Photo from Coding Dojo.

Coding Dojo, a Bellevue, Wash.-based developer bootcamp, is launching a new training program for Amazon’s virtual assistant, Alexa, starting today.

It’s the latest sign of the rising popularity of voice-enabled virtual assistants. Alexa has emerged as the early leader in a market that also includes offerings from Apple, Google, Microsoft and others.

Coding Dojo is adding an Alexa skills module to its 14-week program. Coding Dojo is also launching a YouTube series on building Alexa skills and hosting a hackathon led by Amazon Alexa employees in February next year. The event will be held at Coding Dojo’s San Jose, Calif. campus.

Coding Dojo held two Alexa workshops — one in Bellevue and one in the Bay Area — earlier this year. The winner of the San Jose contest created a skill for Alexa that enabled users to text friends or law enforcement in emergencies by giving an Echo device voice commands.

The success of the hackathons inspired Coding Dojo to create a formal Alexa program.

Coding Dojo CEO Richard Wang
Coding Dojo CEO Richard Wang

“We would love to partner with additional companies to do this,” said Coding Dojo CEO Richard Wang, in an interview. “A lot of social innovation projects come out of it.”

Coding Dojo has hosted similar hackathons with other companies, like Uber and Netflix. One student used the Uber API to make it easier for elderly users to summon rides.
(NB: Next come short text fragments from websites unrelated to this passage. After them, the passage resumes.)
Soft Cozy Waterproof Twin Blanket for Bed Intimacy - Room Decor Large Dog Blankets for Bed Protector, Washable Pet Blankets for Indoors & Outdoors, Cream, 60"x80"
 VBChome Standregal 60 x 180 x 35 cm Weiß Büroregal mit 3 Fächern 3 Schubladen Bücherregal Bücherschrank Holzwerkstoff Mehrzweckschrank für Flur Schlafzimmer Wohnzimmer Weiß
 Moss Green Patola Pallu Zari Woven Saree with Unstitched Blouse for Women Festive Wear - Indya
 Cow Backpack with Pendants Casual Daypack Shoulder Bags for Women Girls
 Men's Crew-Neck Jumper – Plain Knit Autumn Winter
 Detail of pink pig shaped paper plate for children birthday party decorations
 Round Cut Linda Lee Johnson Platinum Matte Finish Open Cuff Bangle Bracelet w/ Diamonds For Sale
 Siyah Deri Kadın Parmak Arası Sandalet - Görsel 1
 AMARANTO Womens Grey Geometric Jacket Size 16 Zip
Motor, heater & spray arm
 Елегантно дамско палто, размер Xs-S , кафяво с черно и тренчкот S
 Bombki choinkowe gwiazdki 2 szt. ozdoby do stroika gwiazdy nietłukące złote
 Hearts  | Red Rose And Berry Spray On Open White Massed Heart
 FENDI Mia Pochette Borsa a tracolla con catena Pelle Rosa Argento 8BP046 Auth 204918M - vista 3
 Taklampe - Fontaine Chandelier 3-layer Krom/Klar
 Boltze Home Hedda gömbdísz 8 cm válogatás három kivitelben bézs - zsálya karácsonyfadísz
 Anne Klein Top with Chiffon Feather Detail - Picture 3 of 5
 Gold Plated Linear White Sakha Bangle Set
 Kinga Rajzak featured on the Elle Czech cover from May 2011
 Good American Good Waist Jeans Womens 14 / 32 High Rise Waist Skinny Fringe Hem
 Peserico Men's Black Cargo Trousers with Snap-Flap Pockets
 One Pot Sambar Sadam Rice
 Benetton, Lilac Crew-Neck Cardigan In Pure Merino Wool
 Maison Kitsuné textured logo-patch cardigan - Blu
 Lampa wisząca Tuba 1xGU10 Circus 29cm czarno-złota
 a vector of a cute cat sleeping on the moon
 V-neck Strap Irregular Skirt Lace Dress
Another added a trigger warning for PTSD victims watching Netflix.

Beyond the hackathons, Coding Dojo students will have the option to spend several days learning to develop skills using Amazon’s Alexa API. They’ll learn to build tools that control smarthome devices and perform other functions using voice commands.

Engineers and evangelists from Amazon will visit Coding Dojo to teach students about the technology.

There isn’t a formal program to funnel Coding Dojo students into jobs on the Alexa team, but Wang thinks it’s likely that some students will join the Seattle tech giant after graduating. “I’m not going to be surprised if Amazon wanted to hire a few of our students,” he said.